Predicting the locations where plant species occur, or could occur, is a critical challenge for ecologists in the coming decades. As the global climate alters, it changes where different plants can persist. As a result, it is imperative that we understand how plant populations respond to climatic constraints and use that information to predict how they are likely to respond to climatic changes in the future. Forecasts of plant redistributions on Earth due to climate change have been focused on estimating losses in the amount and quality of habitat conditions. However, an important consequence of environmental changes on living organisms has remained largely unexplored: the spatial reconfiguration of suitable habitats, such as the increasing loss of connection between habitat patches throughout species’ area of distribution.

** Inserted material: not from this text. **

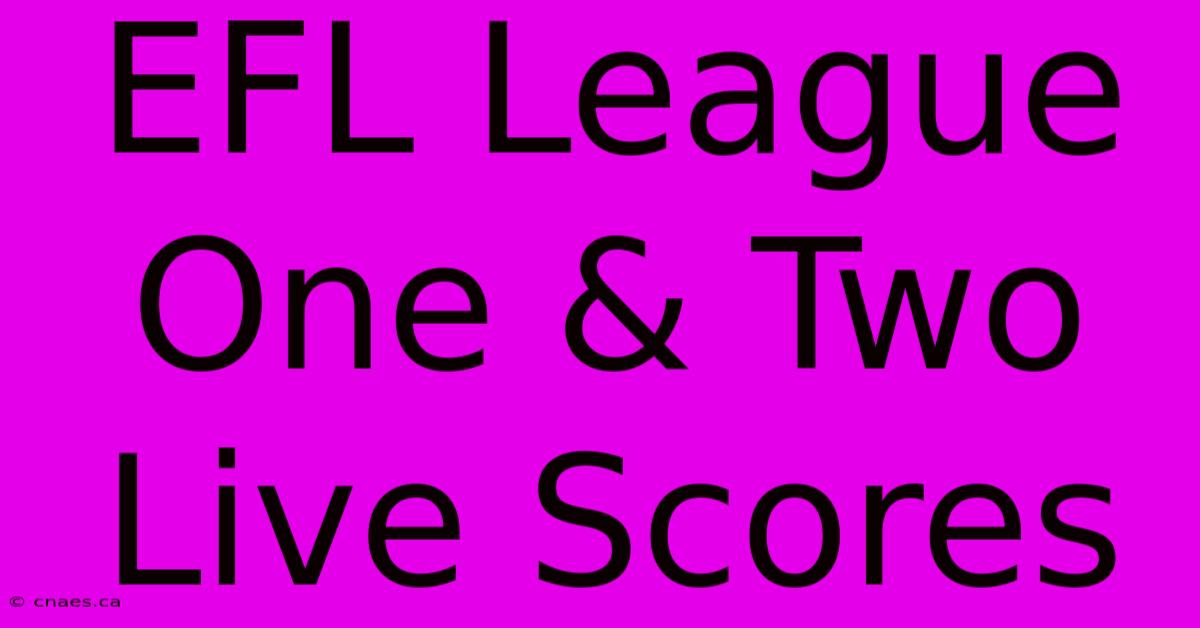 EFL League One & Two Live Scores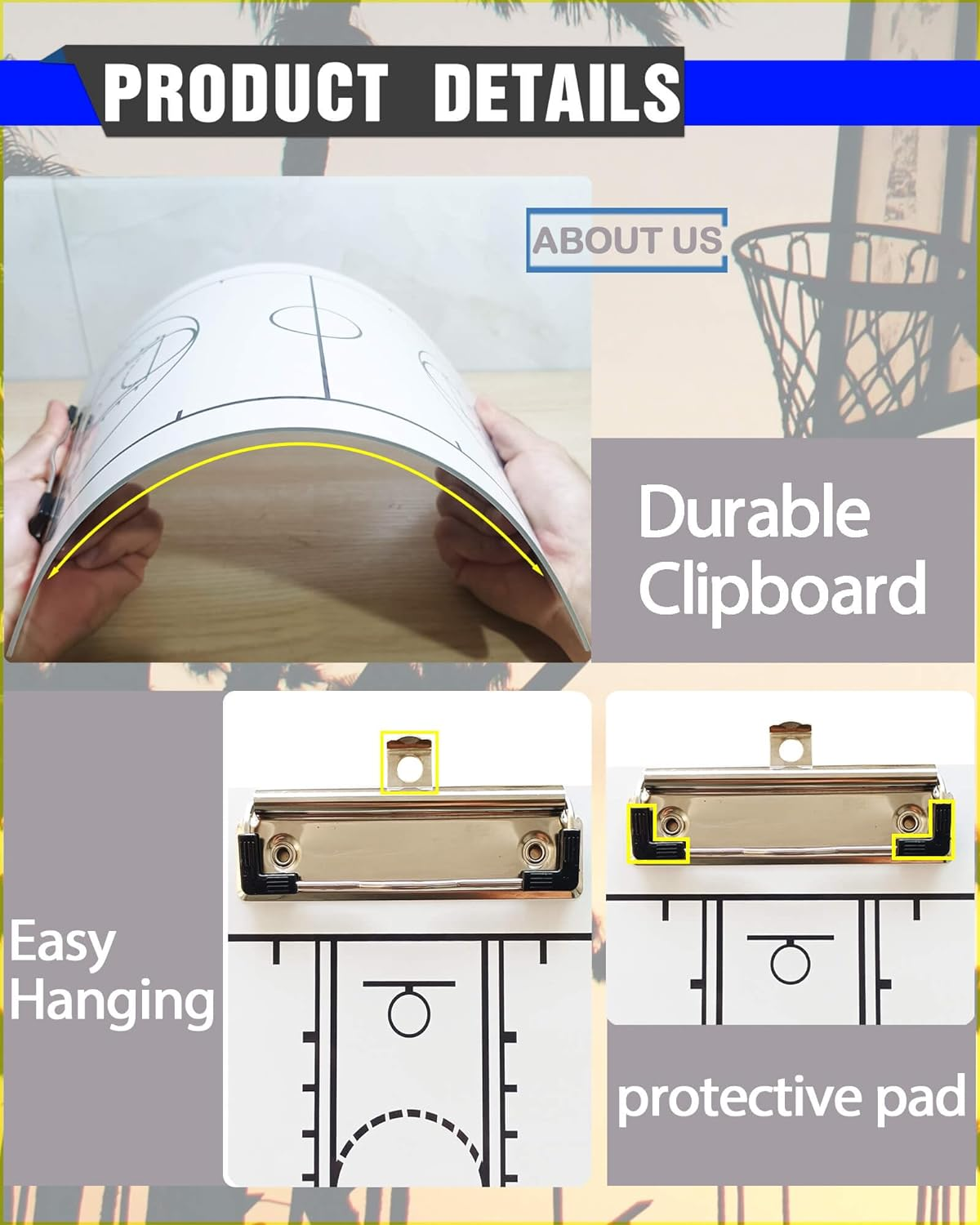 Basketball Coaching Board Double-Sided, Basketball Clipboard for Coaches, Basketball Dry Erase Board for Coaches, Basketball Whiteboard Tactical Play Board image number 2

Plants support the very survival of the human race. They provide us food, pastures for livestock, and places for recreation and wellbeing. They also directly and indirectly provide numerous invaluable ecosystem services such as water regulation, carbon sequestration and flood prevention. To safeguard these ecosystem services, we need to provide conservation managers robust ecological models able to identify species vulnerable or resistant to deteriorating habitat conditions or to major habitat reconfigurations.
During GEODEM I examined the geographic configuration of habitat patches suitable for hundreds of plant species. My aim was to develop predictive models of how these biogeographic patterns vary with species’ biological properties and geophysical constraints on the persistence and expansion of plant populations.